In most cases you could look at this as actually more likely to work.
In SC topo if we had one VLAN in use (25%utilization), we had a 75%
chance of a successful second choice. In the scenario above if we have
one VLAN in use, we have a 99.92% chance of a correct hit for the second
VLAN (!). And we would still have better chances for the first 1000
VLANs we randomly choose!!!! And if we have 1000 vlans in service (25%
utilization) we still have a 75% chance of a successful choice.
>>
>> Pathfinding currently is done by the Aggregator NSA handling the request. He looks at the current topology, sees thousands of parallel SDPs and for crossing several domain boundaries, he just has to pick one randomly.
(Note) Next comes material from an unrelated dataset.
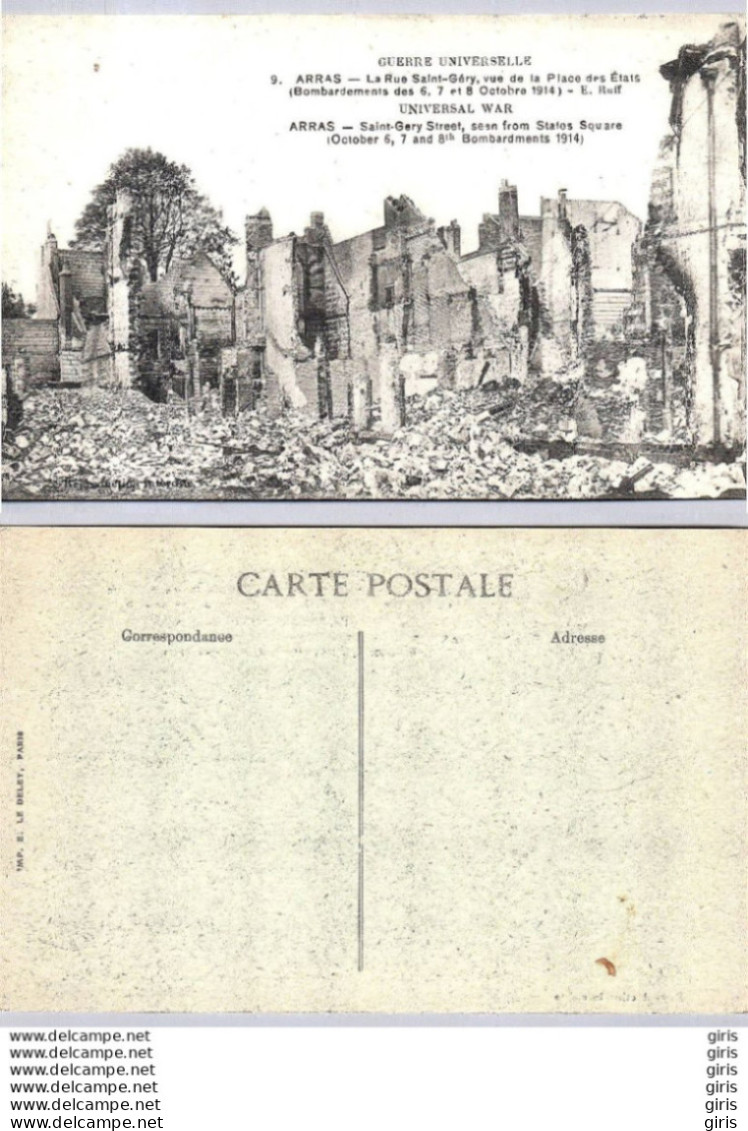 62 - Pas De Calais - Arras - Rue Saint-Géry, Vue De La Place Des Etats Après Le Bombardement - Arras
I don't know about you, but I don't consider that "working just fine".
Sure it does. Why not? What would you do? The (implicit) Transit
Function of the networks in the path was "We can connect any port to any
other port if resources are available." That is a very powerful
statement. If that network cannot actually do that, then its not a
failure of the topology or the protocol.
A remote pathfinder will never have a crystal ball and ultimately still
must consult the local authoritative Resource Manager...So the remote PF
(the aggregator in your example above) will *always* be subject to the
local NRM rejecting the request no matter how specific or well informed
you are. Lables don't solve this basic problem that Remote PF is not
authoritative - it *must* consult local agents and is dependent upon
them confirming the path...or it fails.
>>
>> In the demonstration at SC we relied on the human to make requests from one endpoint to another endpoint, using the same VLAN. I have not seen any requests made using different VLAN labels.
>> Also, I have seen and heard that NSA implementations used the last part of the ID to figure out the correct label and use that in their pathfinding algorithms.
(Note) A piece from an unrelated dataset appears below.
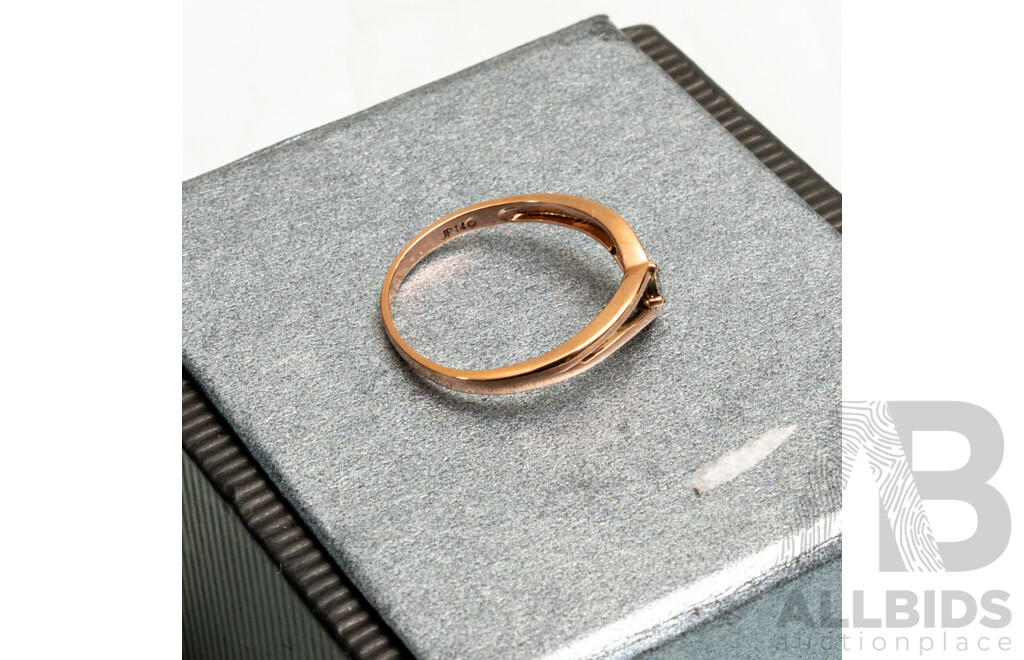 9ct Rose Gold Vintage Diamond Set V Shaped Ring, TDW 0.02CT, Size L1/2, 1.23 Grams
>> I do not think that that is a desirable solution.
While I am afraid and _/literally appalled (!)/_ that some NSAs may have
indeed parsed the STP name for a vlan hint, this was incorrect and is
easily broken. It makes totally incorrect use of the topo information
and is a really REALLY BAD assumption. (I put that vlan info in the STP
tag to make it easier for developers to debug things - not as a shortcut
for anything...rest assured the next topo file will have no such human
readability.) This is like parsing an IP Hostname (www.google.com) to
recover its IP address...it doesn't work. I can easily create a
topology that describes the same SC layout that breaks those
implementations. Would you trust other networks to be so exacting?
STPs are symbolic references - they do not contain any technology
specific information themselves.
We relied on humans to simply *optimize* the selection order - to
"choose wisely". If any arbitrary pair of STPs are requested, the PA
should either reserve it or reject it. And if the path finder in the
remote NSA "chooses poorly" and is not robust enough to try another
possible path, then that is a very weak implementation - not a flaw in
either the NSI CS protocol or the Topology we used for SC. Further,
even the human end point educated guess could fail in many cases. A
reasonable pathfinder *must* be prepared to try alternate paths in the
case of blocking conditions or take responsibility for not doing
so...its not the standards responsibility to make sure resources are
available in every network.
Indeed, we could have redefined the topology slightly to reflect the
separate VLAN planes at, say, StarLight - by defining sepearate NSI
Networks for each VLAN. This would have made explicit in the topology
the constraint that certain STPs cannot be cross-connected to other
STPs. Just as I get grief about the STPs enumeration, I also got
seriously flamed for this approach as well. BUT BOTH WORK! All you
need is a fundamentally simple pathfinder. And this latter separated
vlan planes approach works better than we had at SC because it expresses
more topological constraints than the topology we actually used - and I
bet most of the pathfinders would have eaten it up just fine.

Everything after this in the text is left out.